Bulawayo Forex Rebates Approved – Bulawayo24 News


Residents of BULAWAYO will get a 50% discount to settle their fares in foreign currencies, while industries will get a 30% discount after councilors approve the resolution which initially met with resistance from board leadership, claiming it violated the Reserve Bank of Zimbabwe’s foreign exchange regulations.

Councilors in June offered to offer residents willing to pay their bills in foreign currency a 50% discount. This was after a public outcry over a resolution in which the local authority ordered it to peg its foreign currency bills, with residents able to pay rates in local currency using the prevailing auction rate on the day of billing.

However, the decision to discount foreign currency was met with stiff resistance from management who made it clear that they would not implement the resolution as it contravened the regulations of the Reserve Bank of Zimbabwe. .

However, according to the council’s latest report, councilors apparently had the final say in passing the resolution and implementing a 30% discount for industries that were willing to pay their bills in foreign currencies. This did not hold up, with town clerk Mr Christopher Dube warning councilors that the move was illegal.

“The Registrar explained that based on Statutory Instrument 127 of Schedule 2021 (Section 11) Council could not offer discounts to people paying in foreign currency. This was further emphasized by the Minister for Finance and Economic Development while announcing additional measures to stabilize the exchange rate and inflation control were considered to ratify management’s decision to peg fares to the US dollar and that while billing would be in Zimbabwean dollars, payments could be made both in local currency or in foreign currencies at the prevailing interbank exchange rate,” reads the report.

Councilors nevertheless rejected Mr Dube’s advice noting that the local authority needed foreign currency, hence the need for them to give incentives to encourage consumers to pay in foreign currency.

“Councillor Edwin Ndlovu noted that the council needed foreign currency to continue service delivery. The government had already started charging for some of its services in foreign currency. Civil servants received part of their salaries in US dollars. would be prudent for the council to offer 50% reduction for residents who pay in foreign currency Councilors Lilian Mlilo, Silas Chigora and Felix Mhaka agree to support the 50% reduction in foreign currency payments for domestic debts “, we read in the report.

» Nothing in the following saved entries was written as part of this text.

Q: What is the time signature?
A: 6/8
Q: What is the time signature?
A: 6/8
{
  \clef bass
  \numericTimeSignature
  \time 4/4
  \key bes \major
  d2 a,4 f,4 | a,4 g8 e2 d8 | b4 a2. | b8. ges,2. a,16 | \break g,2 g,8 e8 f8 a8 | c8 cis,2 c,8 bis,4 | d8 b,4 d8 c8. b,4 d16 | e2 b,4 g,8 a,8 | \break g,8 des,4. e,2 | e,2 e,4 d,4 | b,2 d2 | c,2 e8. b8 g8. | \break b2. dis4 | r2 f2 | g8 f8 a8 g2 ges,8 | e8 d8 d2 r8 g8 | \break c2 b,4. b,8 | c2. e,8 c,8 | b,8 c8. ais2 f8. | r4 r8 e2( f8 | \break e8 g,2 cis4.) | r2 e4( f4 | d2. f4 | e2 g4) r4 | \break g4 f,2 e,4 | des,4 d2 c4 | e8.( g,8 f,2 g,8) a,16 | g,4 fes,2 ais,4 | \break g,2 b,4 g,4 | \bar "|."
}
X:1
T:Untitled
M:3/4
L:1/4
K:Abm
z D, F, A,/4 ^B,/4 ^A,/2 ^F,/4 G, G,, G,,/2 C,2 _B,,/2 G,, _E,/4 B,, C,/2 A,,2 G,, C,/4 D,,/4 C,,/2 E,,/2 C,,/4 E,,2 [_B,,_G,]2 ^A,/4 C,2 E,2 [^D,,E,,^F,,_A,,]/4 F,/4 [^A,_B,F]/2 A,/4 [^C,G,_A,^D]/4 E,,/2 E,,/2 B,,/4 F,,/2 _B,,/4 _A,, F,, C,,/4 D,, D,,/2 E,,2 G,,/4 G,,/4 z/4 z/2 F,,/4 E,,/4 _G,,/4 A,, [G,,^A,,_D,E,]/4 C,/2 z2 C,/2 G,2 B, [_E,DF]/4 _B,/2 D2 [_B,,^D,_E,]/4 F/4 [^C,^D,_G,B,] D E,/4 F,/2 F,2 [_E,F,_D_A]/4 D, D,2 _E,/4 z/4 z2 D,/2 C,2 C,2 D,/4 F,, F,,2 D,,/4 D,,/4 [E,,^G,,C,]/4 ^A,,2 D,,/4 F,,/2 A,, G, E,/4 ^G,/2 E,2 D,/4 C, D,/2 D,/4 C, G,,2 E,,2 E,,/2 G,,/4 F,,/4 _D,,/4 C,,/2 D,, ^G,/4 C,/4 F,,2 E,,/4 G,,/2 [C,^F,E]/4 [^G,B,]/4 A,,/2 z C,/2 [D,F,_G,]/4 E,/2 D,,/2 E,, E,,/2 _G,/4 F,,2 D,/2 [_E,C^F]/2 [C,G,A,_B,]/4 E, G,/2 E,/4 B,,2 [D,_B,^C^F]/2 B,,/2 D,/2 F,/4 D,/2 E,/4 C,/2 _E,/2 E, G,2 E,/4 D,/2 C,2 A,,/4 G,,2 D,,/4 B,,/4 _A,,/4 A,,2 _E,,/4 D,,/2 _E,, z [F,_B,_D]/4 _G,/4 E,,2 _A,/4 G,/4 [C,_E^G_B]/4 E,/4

Councilors further noted that residents were in favor of the discounts, so it was highly likely payments would improve once the move is implemented.

“Clr Pilate Moyo was also concerned about the local currency fee if reduced when converted to foreign currency. Clr Donaldson Mabuto supported the 50% reduction and encouraged residents to pay their bills.

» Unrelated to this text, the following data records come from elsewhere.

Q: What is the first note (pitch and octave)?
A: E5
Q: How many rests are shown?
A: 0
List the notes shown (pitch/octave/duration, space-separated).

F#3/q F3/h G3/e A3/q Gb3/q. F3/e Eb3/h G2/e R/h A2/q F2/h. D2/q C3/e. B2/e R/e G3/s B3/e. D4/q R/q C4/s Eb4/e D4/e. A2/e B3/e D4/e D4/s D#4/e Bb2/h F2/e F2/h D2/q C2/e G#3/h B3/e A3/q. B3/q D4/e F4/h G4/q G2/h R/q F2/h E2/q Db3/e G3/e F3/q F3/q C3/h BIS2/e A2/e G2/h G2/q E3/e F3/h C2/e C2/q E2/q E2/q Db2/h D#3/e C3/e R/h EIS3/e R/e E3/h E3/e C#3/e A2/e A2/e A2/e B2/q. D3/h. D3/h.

Deputy Mayor Clr Mlandu Ncube observed that council bills showed charges in both local and foreign currencies.
“The council needed foreign currency to acquire consumables and meet labor demands. It was prudent to impose a 50% discount on residents paying in foreign currency,” the report read.

Meanwhile, outlining the impact of the decision, the council’s finance department noted that it would result in losses for the council on accounts with inherited debt balances, where any current payment towards a balance of account with inherited debt denominated in local currency would have lost value in foreign currencies.

“Rates have been set for fair, equitable and reasonable service delivery.

“The reduction in tariffs is correlated with the level of service delivery in a normal economic environment.

“A reduction in tariffs would have to be funded by an increase in tariffs elsewhere or by a new source of funding. Without additional sources of funding, service delivery suffers.

“This is evident in the challenges the council faces in terms of reduced frequency of refuse collection across the city, intermittent water supply, inability to deal with sewers in a timely manner and water-related bursts. water, impassable roads to name a few.

“The current environment of hyper-inflation and depreciating local currency cannot sustain further loss of revenue through rebates,” the report read.

With the indexation of invoices in foreign currencies, the State will be indebted; $563,000, industry and commerce; $3.3 million and domestic debtors will owe $11.7 million.

In proposing the resolution, councilors had said that the council, which owed $5 billion, would prefer to get half the amount in foreign currency and write off the rest of the bill because it would go a long way to improving service delivery.

The local authority announced the decision to index bills in foreign currencies from June 1 to hedge against inflation.